More than half (52%) of those who have interviewed for a job in the last year state the process was harder than five years ago.

Mark Bull, UK CEO of Randstad, said: “Employers have become increasingly selective when it comes to interviewing staff. Prospective employees have to jump through many more hiring hoops today than they did pre-recession. Employers are often looking for more bang for their buck, and a skill set that was satisfactory for a job five years may no longer be now, as employers look towards the long-term potential of new hires. It’s not enough to demonstrate you can do the job they’re currently advertising for – you need to show you can develop in the role and bring something valuable to that organisation in the future.”

The number of interviews employers conduct with a successful candidate has also risen sharply over the past five years. For a junior role, employers required an average of 1.6 interviews five years ago, a figure that has risen to 2.4. Employers now interview successful candidates for senior roles an average of 3.4 times, up from 2.6 five years ago.

A separate poll of Randstad’s UK consultants suggests that the level of testing during the application process has increased, too. Five years ago, 14% of roles required some form of psychometric, technical or aptitude test, a figure which has now more than doubled to 29%. 

The number of vetting checks carried out after the interview process has concluded has also increased. Five years ago, employers vetting credentials such as qualifications, CRB checks and references delayed the hiring process by an average of 10.1 days. Currently, consultants state this delay has increased to an average of 15.2 days.

As a result, the increased number of tests, interviews and level of checking, has lengthened the hiring process from the employer’s perspective too. Employers now spend an average of five weeks and six days on securing a new hire for a specific role, a figure that has risen by 71% from three weeks and three days five years ago.

Interview Preparation: Google is Not Enough

Despite the increasingly demanding nature of the hiring process, one in five Brits (18%) still didn’t perform any research prior to their last interview other than to read the job specification and application. A further 9% relied solely on a company’s website for their research.

Just over a third of respondents (35%) conducted an internet search as part of their preparation. One fifth (20%) of respondents spoke to employees and former employees of their prospective employer, while 15% consulted colleagues in industry as part of their preparation, and one in eleven spoke to a recruitment consultant for a briefing.

Alongside undertaking internet research and browsing an employer’s website, candidates with ideal preparation would read the company’s marketing literature, check for news about the company as well as seeking information from former or current staff, industry colleagues, and their recruitment consultant. Currently, just 1% are doing this.

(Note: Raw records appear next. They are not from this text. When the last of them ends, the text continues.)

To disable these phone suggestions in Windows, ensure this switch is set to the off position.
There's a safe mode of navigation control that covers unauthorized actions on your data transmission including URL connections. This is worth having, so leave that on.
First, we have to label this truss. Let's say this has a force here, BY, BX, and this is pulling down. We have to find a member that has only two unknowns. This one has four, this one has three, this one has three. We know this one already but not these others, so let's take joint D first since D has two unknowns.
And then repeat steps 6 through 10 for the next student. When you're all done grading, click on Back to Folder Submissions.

Personal insight is proving invaluable in interview preparation. The average time of those who at least spoke to a former or current staff member AND their recruitment consultant secured a job, on average, within eight weeks and three days (two weeks and two days faster than national average).

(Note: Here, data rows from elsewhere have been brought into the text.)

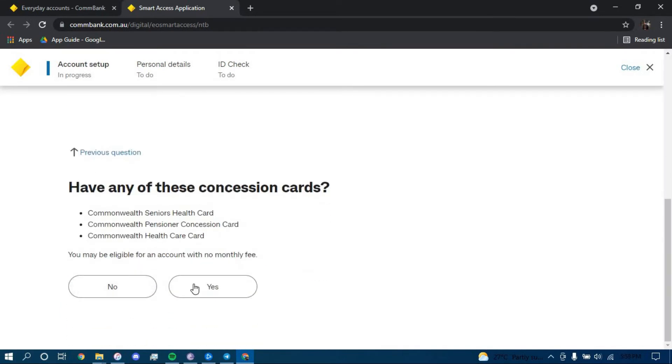If you have a concession card, click on Yes. If you don't, then click on No. I'm going to go with No.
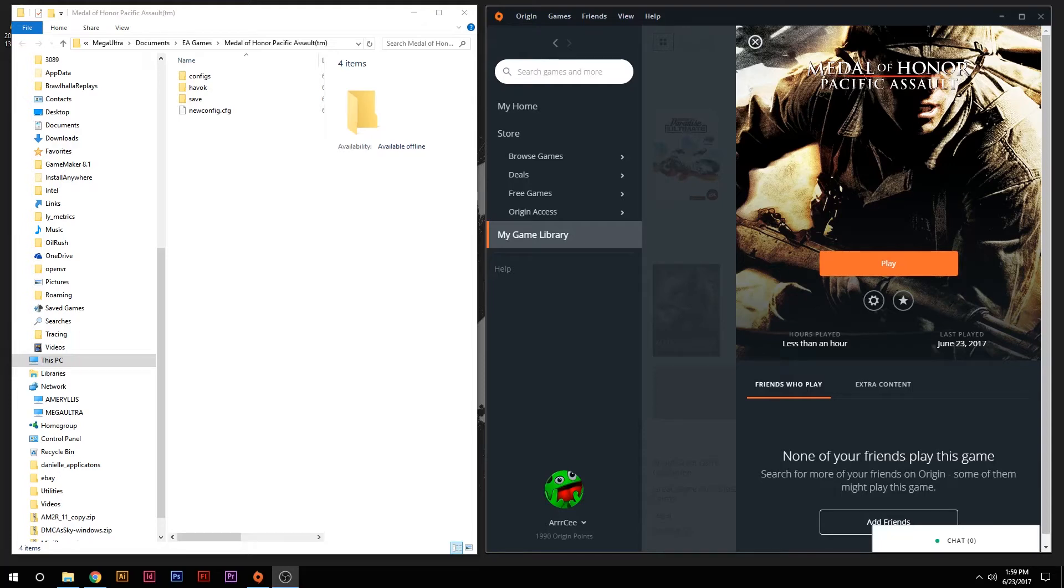Hey everybody, this is RC from GGRC and the Quakegrave, bringing you a tip on how to bring Medal of Honor Pacific Assault up to 1080p.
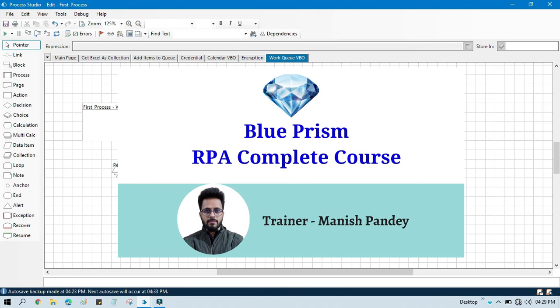I will put the referral code and the link in the video description. You can go through that. I hope you like it — thank you so much for watching this video.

Whereas, the average time it took for those who just conducted internet research to successfully interview was eighteen weeks and five days.

Mark Bull concludes: “The importance of thoroughly researching a potential role can’t be overstated. A Google search is simply not enough in today’s competitive market. It’s clear from our research the longer people prepare from a wider variety of sources, the more likely they are to be the successful applicant in the shortest possible time.

“The rise of condensed information sources such as Wikipedia has added a certain laziness to interview preparation. People are seduced into thinking the Internet has all the answers. It certainly offers a valuable insight but the perspective of former employees – not to mention the insight of a recruitment consultant, will fill in many blanks about a company that an online search can’t. In today’s marketplace it is the candidate who understands the nuances of an organisations’ culture and skills requirements that really stands out.”